Heather Habgood - Creative Bug

Heather Habgood – Creative Bug

Heather Habgood, Sole Proprietor/President, Creative Bug

Heather is best known as the dynamic owner of Creative Bug (established in 2006) in Beamsville.

She is a Dalhousie MBA Grad with a broad scope of experience in corporate, nonprofit and small business environments. She loves being immersed in her community and building diverse and interactive programs for people of all ages and abilities.

Heather thrives on new opportunities to learn and develop skills and abilities while firmly being committed to meeting her goals.

Heather’s passion for her work brings joy, skills, confidence, opportunities to grow and have fun to all who participate in her unique programs. This same passion has been shared with many organizations through her volunteer work including Heart & Stroke, YWCA and Girl Guides of Canada.

How do you define community leadership?

For me, community leadership is all about bringing a group of people together. Finding ways to include those who are hesitant and and work together to highlight each individual’s strengths. True community is achieved after a group has worked and celebrated together.

“True community is achieved after a group has worked and celebrated together.”

Why are you personally motivated to explore community leadership?

Learning more about community leadership in Niagara is important to me as it is my community that holds me up and supports my work and our family.
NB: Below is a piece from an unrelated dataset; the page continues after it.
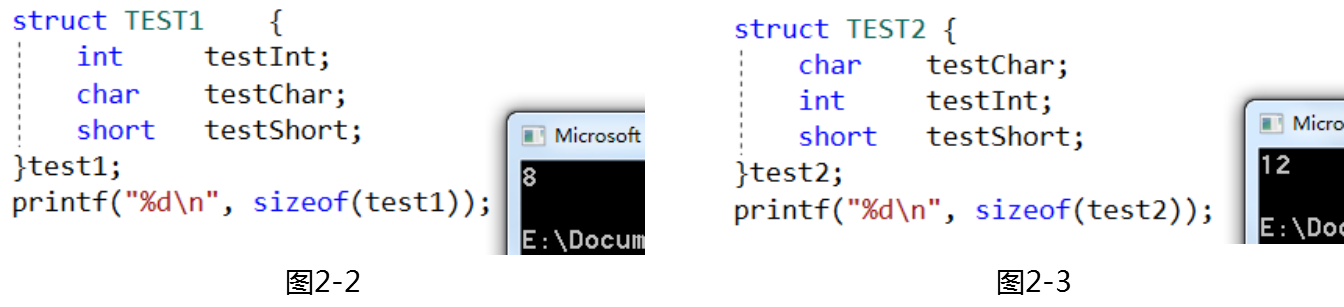 CS61C-Representation of Number & C Basic-20250122-3.png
I would like to be a part of helping others see the awesome potential we hold as human beings while creating community.

What, in your view, is the most significant issue/opportunity facing our community? Why?

I believe that there is a significant opportunity to help our community be more aware of the importance of being a community. Slowing down and seeing those around us, even just a moment can make a difference in our day. What if we could demonstrate how easy it is to be kind, to be relevant to one another simply by holding open a door, leaving behind a message or sharing a coffee.

How would you go about tackling this issue?

With our focus on our e-communities and e-lives we have lost track of those standing right in front of us. I am overwhelmed by the opportunities however, I would like to explore the idea of working to bring people together. Wouldn’t it be something if we took the opportunity to be plugged into the people who surround us, rather than our electronic lives? My favourite part of living on a main street in a small town is how community can just happen. Recently a couple of NRP Officers on bicycles stopped by and took the time to chat with participants in a program that I was running. It was such a thrill for everyone because we connected and we learned from one another.

In your view, what’s the most important attribute of a leader?

The most important attribute of a leader is take on the role of a learner. I believe that the most effective way to lead is not by promoting my own ideas but by drawing ideas out of the group and facilitating the group such that they will realize their goals as a community.

What individual attributes do you hope to develop or expand upon?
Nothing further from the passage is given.